I am trying to configure Flume such that logs roll hourly or when they reach the default block size of HDFS (64 MB). Below is my current configuration:
imp-agent.channels.imp-ch1.type = memory
imp-agent.channels.imp-ch1.capacity = 40000
imp-agent.channels.imp-ch1.transactionCapacity = 1000
imp-agent.sources.avro-imp-source1.channels = imp-ch1
imp-agent.sources.avro-imp-source1.type = avro
imp-agent.sources.avro-imp-source1.bind = 0.0.0.0
imp-agent.sources.avro-imp-source1.port = 41414
imp-agent.sources.avro-imp-source1.interceptors = host1 timestamp1
imp-agent.sources.avro-imp-source1.interceptors.host1.type = host
imp-agent.sources.avro-imp-source1.interceptors.host1.useIP = false
imp-agent.sources.avro-imp-source1.interceptors.timestamp1.type = timestamp
imp-agent.sinks.hdfs-imp-sink1.channel = imp-ch1
imp-agent.sinks.hdfs-imp-sink1.type = hdfs
imp-agent.sinks.hdfs-imp-sink1.hdfs.path = hdfs://mynamenode:8020/flume/impressions/yr=%Y/mo=%m/d=%d/logger=%{host}s1/
imp-agent.sinks.hdfs-imp-sink1.hdfs.filePrefix = Impr
imp-agent.sinks.hdfs-imp-sink1.hdfs.batchSize = 10
imp-agent.sinks.hdfs-imp-sink1.hdfs.rollInterval = 3600
imp-agent.sinks.hdfs-imp-sink1.hdfs.rollCount = 0
imp-agent.sinks.hdfs-imp-sink1.hdfs.rollSize = 66584576
imp-agent.channels = imp-ch1
imp-agent.sources = avro-imp-source1
imp-agent.sinks = hdfs-imp-sink1
My intention with the configuration above is to write to HDFS in batches of 10 and then roll the file being written to hourly.

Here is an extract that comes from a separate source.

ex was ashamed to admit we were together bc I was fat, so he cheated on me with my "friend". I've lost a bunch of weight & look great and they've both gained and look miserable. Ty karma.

What I am seeing is that all of the data appears to be held in memory until since I am under 64MB until the files rolls after 1 hour. Are there any settings I should be tweaking in order to get my desired behavior?
To answer myself, Flume is writing the data to HDFS in batches. The file length is reported as open because a block is in process of being written to.